Nous arrivons finalement devant une grande maison, elle était un peu terne mais pour moi qui n'étais jamais sortie du cirque, elle était très belle et impressionnante. Nous sommes alors rentrés et le majordome emmena son maître dans sa chambre, une femme arriva dans le couloir et cria en me voyant, heureusement, Donald redescendit à temps, juste avant qu'elle ne me donne un coup de balais dans la figure. Il lui expliqua la situation et lui demanda de me donner un bain et des vêtements propres.  Un homme à la peau marron arriva et fut également surpris de me voire, la femme lui donna des explications avant de partir accomplir sa tâche.
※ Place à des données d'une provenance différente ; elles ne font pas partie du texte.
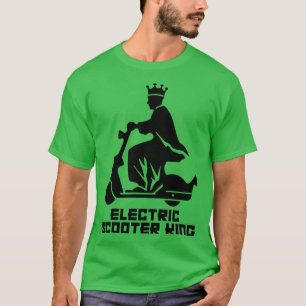 King of Electric Scooters T-Shirt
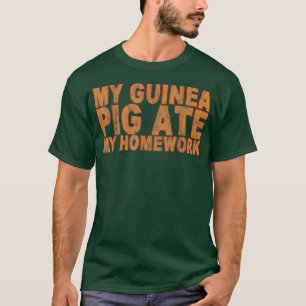 My Guinee Pig Ate My Homework — T-Shirt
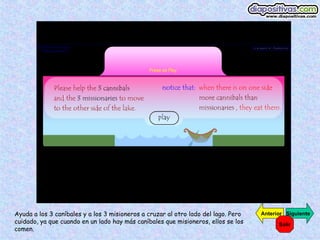 Ayuda a los 3 caníbales y a los 3 misioneros a cruzar al otro lado del lago. Pero cuidado, ya que cuando en un lado hay más caníbales que misioneros, ellos se los comen. Siguiente Anterior Salir 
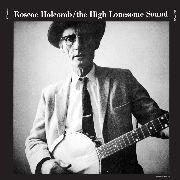 ROSCOE HOLCOMB - The High Lonesome Sound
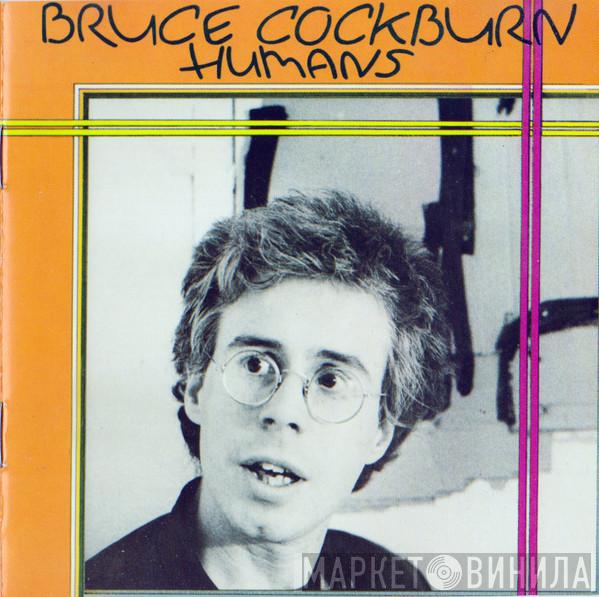 Bruce Cockburn  - Humans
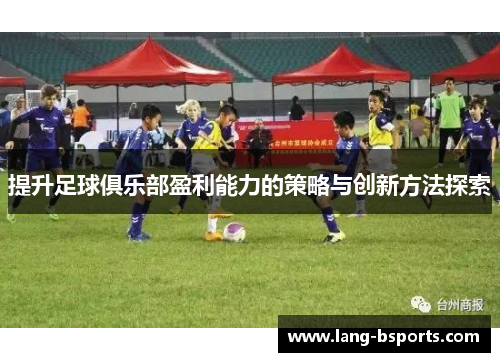 提升足球俱乐部盈利能力的策略与创新方法探索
L'homme avança vers moi.

- Je m'appelle Rupert, la demoiselle que tu as vu c'est Madeleine, Maddy si tu veux. 

- Loïs...

- Vous devez avoir faim, nous avons un reste de gâteau à la fraise si vous voulez.

- Un gâteau à la fraise ?

- Oui... 

- C'est quoi ? 

Il sembla très étonné;

"Vous savez quoi ? Je vais vous faire goûter."

Il quitta la pièce et revint peu après avec un morceau de quelque chose qui sentait très bon. Il me proposa de passer à table pendant qu'il allait chercher des couverts, le temps qu'il revienne, j'avais déjà mangé le gâteau. J'avais de la crème tout autour de la bouche et sur les doigts. C'était très bon mais vu le regard que me lança le majordome, je n'étais pas supposée le manger comme ça. Madeleine revint ensuite me chercher pour le bain, elle me conduisit dans une petite pièce ou un grand bol de porcelaine trônait au milieu de la pièce. Le bol était rempli d'eau chaude, elle me fit me déshabiller et entrer dans le bol de porcelaine. C'était chaud et assez confortable, le mieux était quand Madeleine m'aida à me laver, le lavage des cheveux était particulièrement agréable. 

Je me suis finalement endormie dans le grand bol, me sentant bien pour la première fois depuis longtemps.